The unsubscribe experience is often a poor one, when it comes to email newsletters. There are many ways to do it. As a user, I sometimes wonder if the list owner has even spent much time thinking about it.
If you manage your email newsletter through an email service provider (ESP) like InfusionSoft, Aweber or Mailchimp, the unsubscription link is probably added automatically to the end of your email newsletters. The process for unsubscribing is perhaps dictated by the ESP.
As an exercise, I tested a few newsletters to see what happens when you click the unsubscribe button. Here are the examples of unsubscribe processes. As a brand owner you should think about the user’s experience first and your experience second.
Pocket makes it easy
Pocket automatically adds you to its mailing list when you join the site. But unsubscribing from the automated alerts is easy. Just click an unsubscribe link at the bottom of the email and you are taken straight to the resulting message – “We have unsubscribed you from our Pocket Hits email list.”
Couldn’t be simpler.
Voyage Privé makes it confusing
Voyage Privé is the opposite of easy. When you click on the unsubscribe link in the email newsletter, you are taken to the screen that you can see above. It is split into two sections, making it unclear whether you are supposed to fill in both sections.
Some brands allow a straightforward “unsubscribe from everything” option. Because I have experienced that, I could easily assume that I only need to select that option and click submit, but when I do that the other items are still set to yes afterwards.

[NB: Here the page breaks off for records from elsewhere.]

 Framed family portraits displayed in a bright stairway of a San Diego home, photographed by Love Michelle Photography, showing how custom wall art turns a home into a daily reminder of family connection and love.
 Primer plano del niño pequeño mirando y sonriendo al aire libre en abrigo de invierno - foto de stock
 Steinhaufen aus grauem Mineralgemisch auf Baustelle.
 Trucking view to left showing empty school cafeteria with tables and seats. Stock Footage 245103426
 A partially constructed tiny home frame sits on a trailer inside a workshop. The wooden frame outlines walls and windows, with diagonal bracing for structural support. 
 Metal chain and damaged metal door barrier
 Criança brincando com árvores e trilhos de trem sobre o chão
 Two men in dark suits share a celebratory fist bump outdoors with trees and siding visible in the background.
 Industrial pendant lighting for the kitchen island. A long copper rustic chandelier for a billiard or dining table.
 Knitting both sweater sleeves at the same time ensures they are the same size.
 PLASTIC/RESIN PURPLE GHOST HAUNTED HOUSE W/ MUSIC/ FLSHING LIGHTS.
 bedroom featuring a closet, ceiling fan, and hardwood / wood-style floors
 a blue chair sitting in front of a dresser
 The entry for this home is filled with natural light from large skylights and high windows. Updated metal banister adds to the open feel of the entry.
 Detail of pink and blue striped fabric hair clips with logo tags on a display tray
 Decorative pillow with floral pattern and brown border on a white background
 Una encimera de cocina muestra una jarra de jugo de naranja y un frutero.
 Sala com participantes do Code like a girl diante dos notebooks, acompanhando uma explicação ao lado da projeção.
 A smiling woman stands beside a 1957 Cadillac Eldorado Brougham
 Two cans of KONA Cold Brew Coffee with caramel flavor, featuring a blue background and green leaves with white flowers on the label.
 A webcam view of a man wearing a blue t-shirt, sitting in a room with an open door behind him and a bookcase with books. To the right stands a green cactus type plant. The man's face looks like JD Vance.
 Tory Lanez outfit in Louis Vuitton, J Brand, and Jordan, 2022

I have to separately select no for the other options and click submit again.
In addition, Voyage Privé sends a follow-up email saying that settings will be updated “soon”. Why so cryptic and confusing?
Another approach, from 38Degrees
While the Pocket approach is the easiest for the user, the approach by 38Degrees is also easy. You click on the unsubscribe link in the email newsletter and, instead of having an instant confirmation, you are taken to a screen with an unsubscribe form.
This form allows the user to add a reason, which will help the brand know why you have decided to leave the list.
Additionally, the form shows the email address you are unsubscribing, which is useful if you use multiple email addresses and can’t remember which one you used to sign up for the list.
George.com is OK, but…
I was registered for the George.com newsletter – which is a sub-brand of Asda.
When I clicked on the unsubscribe link, I was taken to this page. There are two problems here. First, the brand on the page is Asda and not George.com, which is confusing because I am separately an Asda customer.
Does this mean I will stop receiving all emails from Asda? I’m not sure.
Second, it refers to “the following email address” but the email address is not shown on the page.
Inbound.org hides the message
Inbound.org has a smart unsubscribe page. When I clicked on the unsubscribe link in the email newsletter, I was taken to a page full of enticing content and offers.
The problem is that, hidden in an inconsequential and hard-to-spot line within the content is the only message I am looking for on the page – confirmation of the unsubscription.
If you unsubscribe from this, then that’s it
Another example of an easy unsubscribe process. IFTTT simply takes you to a screen telling you that you have been unsubscribed.
MyPicture takes the two-step approach
MyPicture.co.uk adds you to its mailing list when you buy something from the company. Fair enough. Unsubscribing from the emails takes you to the first screen, with a message that implores you to stay on the list.
The page includes a button for you to confirm the unsubscription, but it also includes a button for you to affirm that you want to stay on the list.
When you unsubscribe, you see a second screen confirming you have been removed from the list and inviting you to come back any time.
Crunchbase also uses a two-step approach
Crunchbase’s two-step approach is less wordy, but it offers two choices and you need to read the text to understand the difference. The first button removes you from only one list. The second removes you from all emails – presumably adding you to an internal suppression list.
After you unsubscribe from Crunchbase, the website offers an instant option to undo your choice.
Groupon’s link did not work
The link in Groupon’s email to unsubscribe from all emails didn’t work. It just took me to a screen with an error.
Rule number one, obviously, should be to make sure your unsubscription functionality works.
Flybe gets granular
The unsubscribe process for Flybe took me to a detailed form. I like this approach because it gives me a good overview of the multiple lists that Flybe may have me on.
I can see the email address and select an option to simply unsubscribe from everything.
Travelodge – not easy to spot
Functionally, the Travelodge process is like Flybe. You are taken to the page with a form. However, the form is low down the page, below other content.
When I made my selection and hit the “Unsubscribe me” button, the page simply reloaded with no confirmation. Trying this several times, I was left unsure of whether anything had happened.